Every year, spring break is circled on the calendar like it's bartender-Christmas. More customers is what a bartender wants... until you're covered in Tito's vodka from head to toe and frat bros are asking you what time you get off. By the end of spring break, bartenders have accepted defeat. All they want is their retired customers back in the bar. 

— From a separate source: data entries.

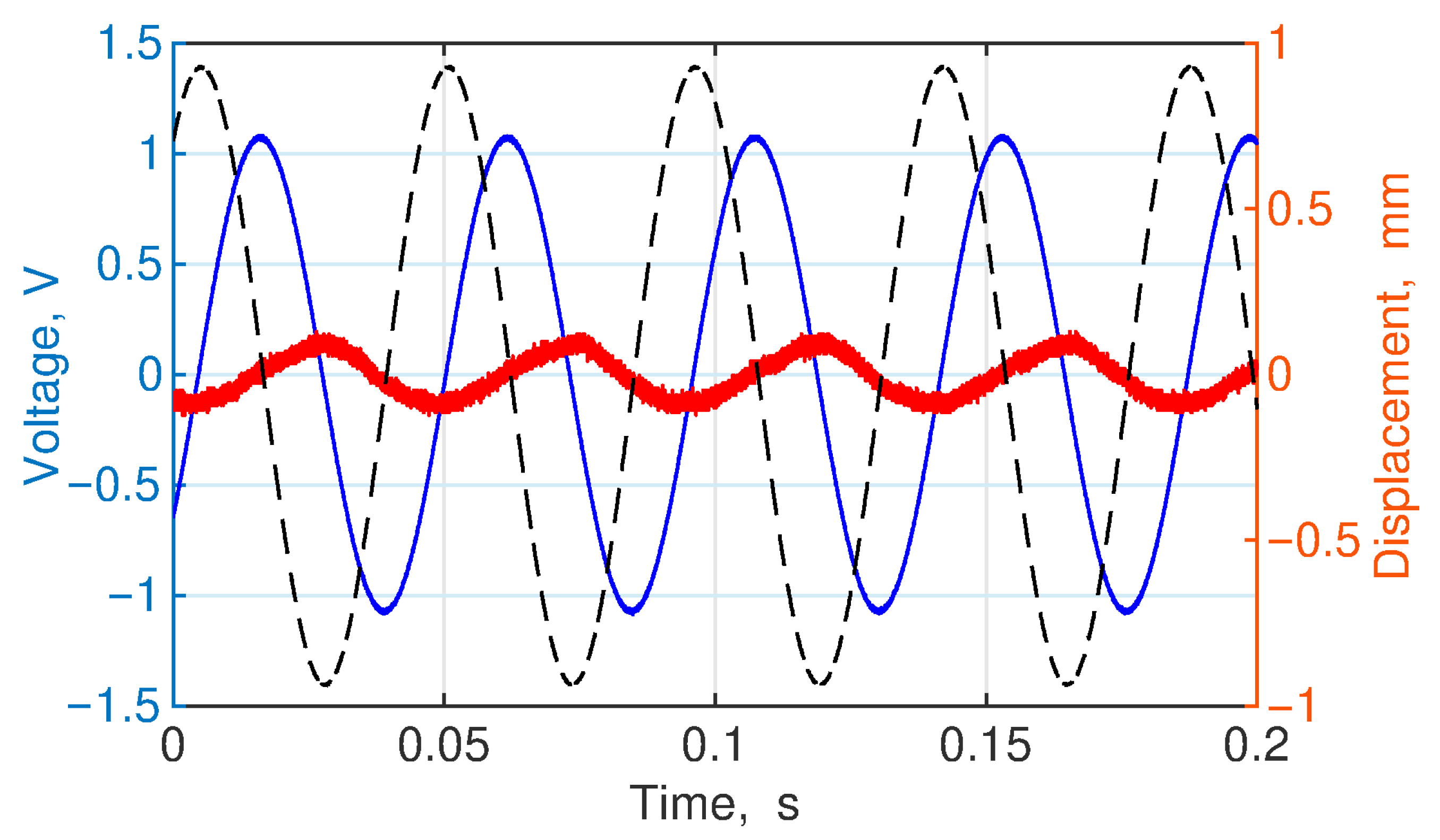 Applsci 16 00765 g019 Applsci 16 00765 g019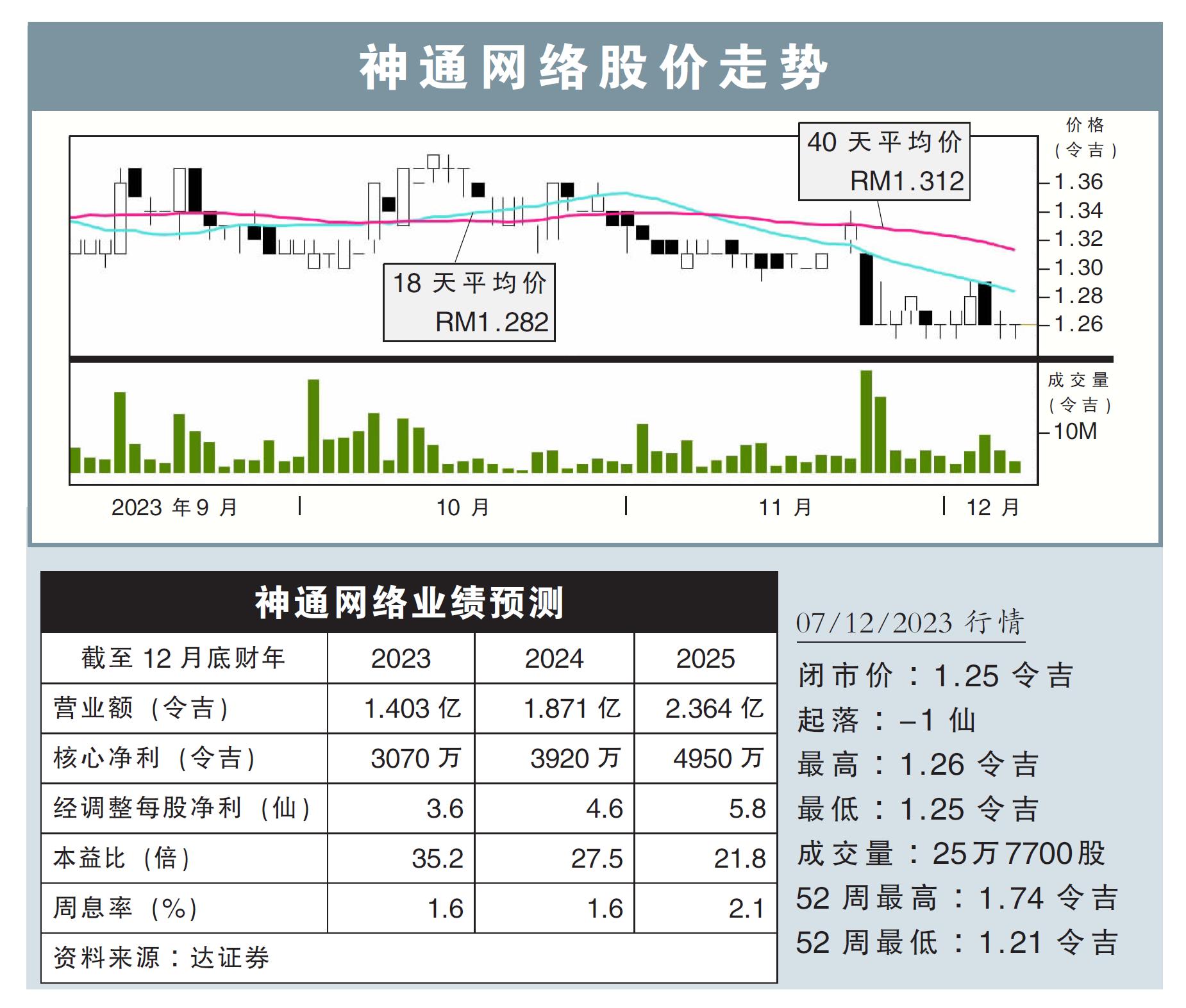 神通网络股价走势07/12/23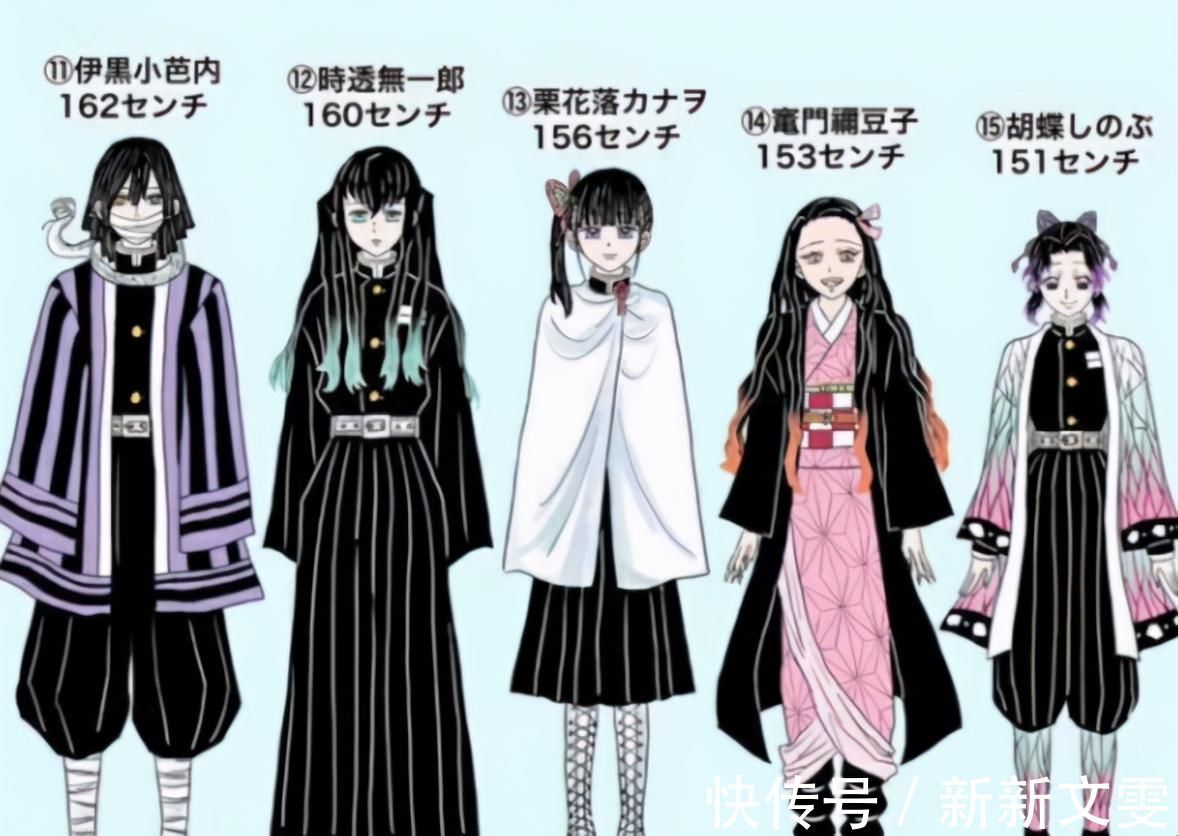 日本动漫|网友分享鬼灭之刃身高、体重、年龄排行榜,忍姐姐两项数据排最后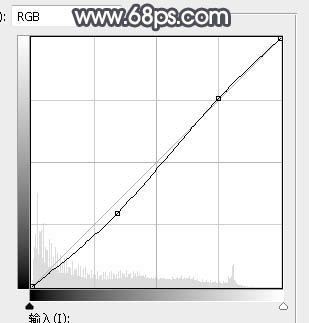 Photoshop调制出给漂亮的霞光色竹林人物图片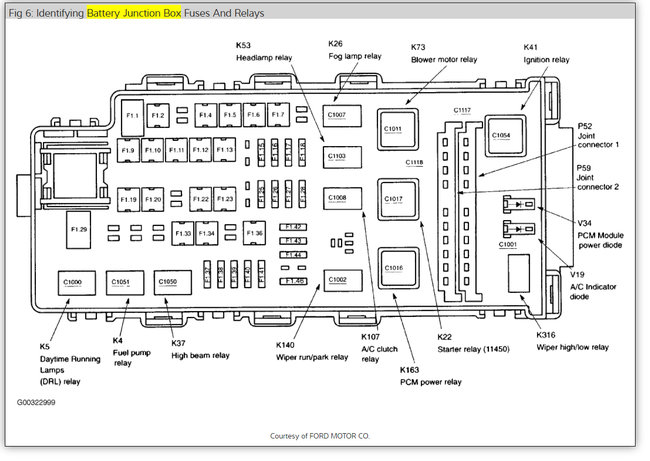 Wiper Relay Location: Where Is the Wiper Relay Switch Located?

6. Creepy, Trolling Non-Student Bros 

These are the sharks that spring breakers need to worry most about. Dudes with nothing better to do during the week than troll the beaches for the easiest prey. Hey, wanna smoke a bowl in my studio? Interacting with these guys is how you end up on First 48

5. Local Leave-Me-Alone Model

She's just trying to get her tan on. You have no chance, so leave her alone. Inevitably if you watch Leave-Me-Alone Model long enough you'll see multiple guys come up to her trying to get her number. It's a lost cause. College guys are like children to her. Actually, actual children could be doing the keg stands on the beach in front of her and she isn't likely to look up from that iPhone. 

4. The Imposters 

Nope, not 21. In towns like Tallahassee, local high school students are used to finding an FSU party and blending in. They are almost burnt out on partying by the time they actually go to college. Here in South Florida, though, high schoolers aren't quite as exposed to the college life before it smacks them in the face. Spring break offers teenagers a chance to head out to the beach and attempt to blend in.... but fail miserably. 

3. The Veterans

These are basically the people that get the back seat on the bus of spring break. This is their fourth, or seventh, spring break while in school, so they know the drill. Best bars. Best bartenders. Best hotels. Best clubs. All of that. They skip the drama, and maximize their party rocking. 

2. DJ Guy

Roughly 27 percent of the dudes on any given spring break beach is a DJ. It might even be a beach rule. Some will be passing out fliers; others will be passing out CDs; but they all have one thing in common — they'll make sure you know they are DJs. 

1. The Buzzkills 

Po-po is always lurking during spring break, and by lurking I mean standing five feet from you, staring. These folks come in every fashion imaginable down by the busy beach: horse cops, bike cops, hoverboard cops, parachute police... just about any way you can imagine a police officer getting all up in your spring break business.  Party safe, my friends!